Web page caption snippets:
□ □ □ □ □ □ □
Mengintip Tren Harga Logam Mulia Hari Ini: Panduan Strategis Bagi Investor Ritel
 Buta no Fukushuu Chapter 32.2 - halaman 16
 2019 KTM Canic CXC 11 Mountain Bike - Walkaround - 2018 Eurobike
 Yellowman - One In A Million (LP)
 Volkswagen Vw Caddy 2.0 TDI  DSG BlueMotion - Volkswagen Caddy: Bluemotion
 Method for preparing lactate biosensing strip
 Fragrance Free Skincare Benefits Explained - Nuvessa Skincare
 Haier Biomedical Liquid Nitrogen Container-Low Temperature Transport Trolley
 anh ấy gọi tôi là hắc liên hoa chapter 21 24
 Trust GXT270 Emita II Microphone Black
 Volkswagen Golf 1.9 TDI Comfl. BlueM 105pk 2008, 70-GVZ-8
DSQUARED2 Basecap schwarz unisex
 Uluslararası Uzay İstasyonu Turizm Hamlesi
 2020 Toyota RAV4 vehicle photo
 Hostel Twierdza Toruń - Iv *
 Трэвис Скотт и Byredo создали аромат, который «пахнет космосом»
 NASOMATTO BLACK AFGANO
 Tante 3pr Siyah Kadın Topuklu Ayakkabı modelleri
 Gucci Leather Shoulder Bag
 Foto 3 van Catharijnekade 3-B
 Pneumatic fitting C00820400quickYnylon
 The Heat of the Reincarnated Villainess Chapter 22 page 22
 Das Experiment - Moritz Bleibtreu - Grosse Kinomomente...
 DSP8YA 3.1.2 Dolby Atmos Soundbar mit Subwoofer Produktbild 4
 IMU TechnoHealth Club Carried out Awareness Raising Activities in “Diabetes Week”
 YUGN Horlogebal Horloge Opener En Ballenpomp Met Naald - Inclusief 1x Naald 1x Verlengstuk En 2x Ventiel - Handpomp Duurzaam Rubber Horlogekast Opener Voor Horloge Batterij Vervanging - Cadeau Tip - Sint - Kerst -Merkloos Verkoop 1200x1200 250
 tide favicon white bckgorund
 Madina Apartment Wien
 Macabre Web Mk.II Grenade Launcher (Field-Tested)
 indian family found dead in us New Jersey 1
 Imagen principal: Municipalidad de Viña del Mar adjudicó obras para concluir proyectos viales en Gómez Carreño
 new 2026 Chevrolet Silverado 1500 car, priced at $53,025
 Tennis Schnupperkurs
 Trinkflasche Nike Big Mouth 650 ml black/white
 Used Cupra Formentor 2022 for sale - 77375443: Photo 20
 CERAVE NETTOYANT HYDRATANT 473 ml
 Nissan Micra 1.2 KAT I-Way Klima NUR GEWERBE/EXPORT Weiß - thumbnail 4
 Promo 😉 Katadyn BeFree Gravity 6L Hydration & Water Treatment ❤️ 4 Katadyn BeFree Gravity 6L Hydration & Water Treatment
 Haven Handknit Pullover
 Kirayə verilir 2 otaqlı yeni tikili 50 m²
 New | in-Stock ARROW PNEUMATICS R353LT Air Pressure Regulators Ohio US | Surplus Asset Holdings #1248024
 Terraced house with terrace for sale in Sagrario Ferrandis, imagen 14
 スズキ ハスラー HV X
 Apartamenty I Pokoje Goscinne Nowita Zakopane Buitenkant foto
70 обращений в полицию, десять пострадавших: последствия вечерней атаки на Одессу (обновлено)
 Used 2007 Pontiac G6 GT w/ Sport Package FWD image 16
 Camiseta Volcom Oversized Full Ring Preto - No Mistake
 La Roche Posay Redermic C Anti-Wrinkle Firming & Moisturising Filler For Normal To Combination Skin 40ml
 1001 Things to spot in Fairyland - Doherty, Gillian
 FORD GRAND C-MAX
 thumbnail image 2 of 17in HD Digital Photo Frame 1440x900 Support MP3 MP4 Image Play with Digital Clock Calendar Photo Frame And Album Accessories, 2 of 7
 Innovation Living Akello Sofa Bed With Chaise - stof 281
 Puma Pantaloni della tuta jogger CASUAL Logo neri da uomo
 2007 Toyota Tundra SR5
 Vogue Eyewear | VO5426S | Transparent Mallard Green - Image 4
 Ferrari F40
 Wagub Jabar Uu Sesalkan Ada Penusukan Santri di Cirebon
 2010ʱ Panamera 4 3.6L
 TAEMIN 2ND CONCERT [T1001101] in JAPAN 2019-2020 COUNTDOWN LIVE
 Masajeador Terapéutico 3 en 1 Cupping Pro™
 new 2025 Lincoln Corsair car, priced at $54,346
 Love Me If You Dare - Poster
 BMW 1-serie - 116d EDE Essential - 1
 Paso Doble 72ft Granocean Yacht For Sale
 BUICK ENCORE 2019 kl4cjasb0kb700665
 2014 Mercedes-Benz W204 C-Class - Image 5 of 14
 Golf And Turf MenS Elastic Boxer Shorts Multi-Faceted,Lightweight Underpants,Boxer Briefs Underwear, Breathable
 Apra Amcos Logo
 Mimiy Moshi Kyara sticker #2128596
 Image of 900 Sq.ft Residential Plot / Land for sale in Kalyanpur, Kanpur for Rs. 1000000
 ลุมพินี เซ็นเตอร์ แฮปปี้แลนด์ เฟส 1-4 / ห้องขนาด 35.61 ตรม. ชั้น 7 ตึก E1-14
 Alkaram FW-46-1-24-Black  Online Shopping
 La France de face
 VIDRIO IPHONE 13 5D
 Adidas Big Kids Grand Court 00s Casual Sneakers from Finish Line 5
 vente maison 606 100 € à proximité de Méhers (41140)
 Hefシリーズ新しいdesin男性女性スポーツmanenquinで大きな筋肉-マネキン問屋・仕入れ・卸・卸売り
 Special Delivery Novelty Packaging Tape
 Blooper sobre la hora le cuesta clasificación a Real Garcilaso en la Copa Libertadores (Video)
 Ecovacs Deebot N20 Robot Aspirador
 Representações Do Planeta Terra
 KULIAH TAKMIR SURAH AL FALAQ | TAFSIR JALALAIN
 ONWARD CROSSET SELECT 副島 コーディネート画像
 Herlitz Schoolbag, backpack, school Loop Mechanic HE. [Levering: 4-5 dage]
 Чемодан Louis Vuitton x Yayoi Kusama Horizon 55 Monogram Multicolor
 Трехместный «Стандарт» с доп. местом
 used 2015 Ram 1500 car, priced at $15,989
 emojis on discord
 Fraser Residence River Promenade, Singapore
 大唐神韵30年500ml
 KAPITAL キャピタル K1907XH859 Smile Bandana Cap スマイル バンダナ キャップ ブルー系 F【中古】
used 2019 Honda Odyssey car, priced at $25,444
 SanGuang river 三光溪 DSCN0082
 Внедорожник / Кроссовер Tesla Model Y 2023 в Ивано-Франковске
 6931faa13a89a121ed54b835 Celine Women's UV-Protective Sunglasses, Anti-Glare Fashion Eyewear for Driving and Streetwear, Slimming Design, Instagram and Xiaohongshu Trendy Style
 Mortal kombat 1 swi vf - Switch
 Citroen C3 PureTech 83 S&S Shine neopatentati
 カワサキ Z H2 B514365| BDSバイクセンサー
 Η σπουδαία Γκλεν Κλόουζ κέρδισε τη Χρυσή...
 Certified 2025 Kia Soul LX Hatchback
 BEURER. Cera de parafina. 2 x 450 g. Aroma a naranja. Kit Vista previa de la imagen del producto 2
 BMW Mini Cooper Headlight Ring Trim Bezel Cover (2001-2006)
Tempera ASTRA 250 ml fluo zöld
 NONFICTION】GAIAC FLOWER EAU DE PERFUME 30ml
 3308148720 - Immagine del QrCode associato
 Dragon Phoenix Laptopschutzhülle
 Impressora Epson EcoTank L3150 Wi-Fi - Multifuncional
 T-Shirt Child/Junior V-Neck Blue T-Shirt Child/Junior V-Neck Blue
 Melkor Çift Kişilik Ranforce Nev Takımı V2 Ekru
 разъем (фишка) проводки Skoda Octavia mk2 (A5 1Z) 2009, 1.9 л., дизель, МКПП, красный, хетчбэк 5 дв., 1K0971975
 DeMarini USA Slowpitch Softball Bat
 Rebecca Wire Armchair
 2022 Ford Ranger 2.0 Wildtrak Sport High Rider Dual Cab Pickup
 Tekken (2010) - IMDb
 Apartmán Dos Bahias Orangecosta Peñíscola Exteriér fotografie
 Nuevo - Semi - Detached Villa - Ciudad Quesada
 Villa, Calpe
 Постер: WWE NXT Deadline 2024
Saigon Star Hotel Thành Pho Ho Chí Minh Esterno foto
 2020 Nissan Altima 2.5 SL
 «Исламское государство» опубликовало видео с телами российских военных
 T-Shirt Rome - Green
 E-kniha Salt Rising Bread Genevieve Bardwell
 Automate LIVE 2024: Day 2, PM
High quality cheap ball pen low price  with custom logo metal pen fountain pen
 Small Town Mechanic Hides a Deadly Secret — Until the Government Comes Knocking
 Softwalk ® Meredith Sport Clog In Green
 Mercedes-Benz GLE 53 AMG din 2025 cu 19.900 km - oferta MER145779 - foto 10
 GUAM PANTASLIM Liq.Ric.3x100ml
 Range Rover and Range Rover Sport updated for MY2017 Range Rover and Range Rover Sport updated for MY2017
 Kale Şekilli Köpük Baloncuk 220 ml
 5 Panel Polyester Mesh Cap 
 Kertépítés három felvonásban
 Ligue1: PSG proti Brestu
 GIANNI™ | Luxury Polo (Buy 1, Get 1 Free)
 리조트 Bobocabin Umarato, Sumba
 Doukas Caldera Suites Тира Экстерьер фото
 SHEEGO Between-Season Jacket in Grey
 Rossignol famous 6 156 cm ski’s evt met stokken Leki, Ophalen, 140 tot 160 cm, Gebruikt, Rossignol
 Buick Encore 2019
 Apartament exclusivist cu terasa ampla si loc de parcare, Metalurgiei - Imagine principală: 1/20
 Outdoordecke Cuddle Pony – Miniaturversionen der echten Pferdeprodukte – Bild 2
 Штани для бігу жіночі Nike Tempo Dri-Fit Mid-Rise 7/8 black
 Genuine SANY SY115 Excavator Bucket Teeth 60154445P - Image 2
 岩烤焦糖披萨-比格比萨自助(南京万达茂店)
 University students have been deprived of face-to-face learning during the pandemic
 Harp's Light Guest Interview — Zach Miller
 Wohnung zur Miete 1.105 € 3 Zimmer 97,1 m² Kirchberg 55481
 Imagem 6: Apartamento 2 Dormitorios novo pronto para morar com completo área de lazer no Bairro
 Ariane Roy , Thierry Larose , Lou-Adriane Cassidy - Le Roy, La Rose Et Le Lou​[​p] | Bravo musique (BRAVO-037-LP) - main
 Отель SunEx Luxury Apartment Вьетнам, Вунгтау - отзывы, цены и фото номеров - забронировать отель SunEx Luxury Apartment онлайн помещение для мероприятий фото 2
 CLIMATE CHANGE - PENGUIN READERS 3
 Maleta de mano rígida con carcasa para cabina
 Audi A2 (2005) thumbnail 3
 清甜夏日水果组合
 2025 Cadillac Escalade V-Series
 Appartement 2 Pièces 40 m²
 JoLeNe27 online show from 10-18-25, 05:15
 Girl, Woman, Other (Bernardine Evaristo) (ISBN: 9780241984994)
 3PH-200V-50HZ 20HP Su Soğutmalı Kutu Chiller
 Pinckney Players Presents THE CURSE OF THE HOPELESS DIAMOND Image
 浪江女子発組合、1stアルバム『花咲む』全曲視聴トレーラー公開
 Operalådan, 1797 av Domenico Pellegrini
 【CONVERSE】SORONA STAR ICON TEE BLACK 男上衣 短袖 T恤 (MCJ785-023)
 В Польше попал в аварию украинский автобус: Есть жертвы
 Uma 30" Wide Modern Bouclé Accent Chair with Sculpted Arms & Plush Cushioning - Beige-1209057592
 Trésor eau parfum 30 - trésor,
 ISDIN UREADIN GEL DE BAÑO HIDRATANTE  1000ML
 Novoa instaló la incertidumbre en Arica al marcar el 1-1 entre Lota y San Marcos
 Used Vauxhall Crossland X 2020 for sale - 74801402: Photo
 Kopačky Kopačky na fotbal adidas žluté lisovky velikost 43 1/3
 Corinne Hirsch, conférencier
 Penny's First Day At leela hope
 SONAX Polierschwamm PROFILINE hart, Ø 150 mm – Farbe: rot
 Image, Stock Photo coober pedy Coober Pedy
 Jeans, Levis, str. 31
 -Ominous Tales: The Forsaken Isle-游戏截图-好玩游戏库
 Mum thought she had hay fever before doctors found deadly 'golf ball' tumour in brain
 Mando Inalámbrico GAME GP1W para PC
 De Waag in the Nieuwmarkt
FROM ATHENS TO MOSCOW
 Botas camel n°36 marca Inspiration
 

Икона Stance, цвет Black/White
□ □ □ □ □ □ □
◆ **EXERCISE DETAILS**
Return, with no change at all, every line in the entries above from the line containing "Uluslararası Uzay İstasyonu Turizm Hamlesi" through the line containing "Foto 3 van Catharijnekade 3-B".

◆ **TASK RESULT**
 Uluslararası Uzay İstasyonu Turizm Hamlesi
 2020 Toyota RAV4 vehicle photo
 Hostel Twierdza Toruń - Iv *
 Трэвис Скотт и Byredo создали аромат, который «пахнет космосом»
 NASOMATTO BLACK AFGANO
 Tante 3pr Siyah Kadın Topuklu Ayakkabı modelleri
 Gucci Leather Shoulder Bag
 Foto 3 van Catharijnekade 3-B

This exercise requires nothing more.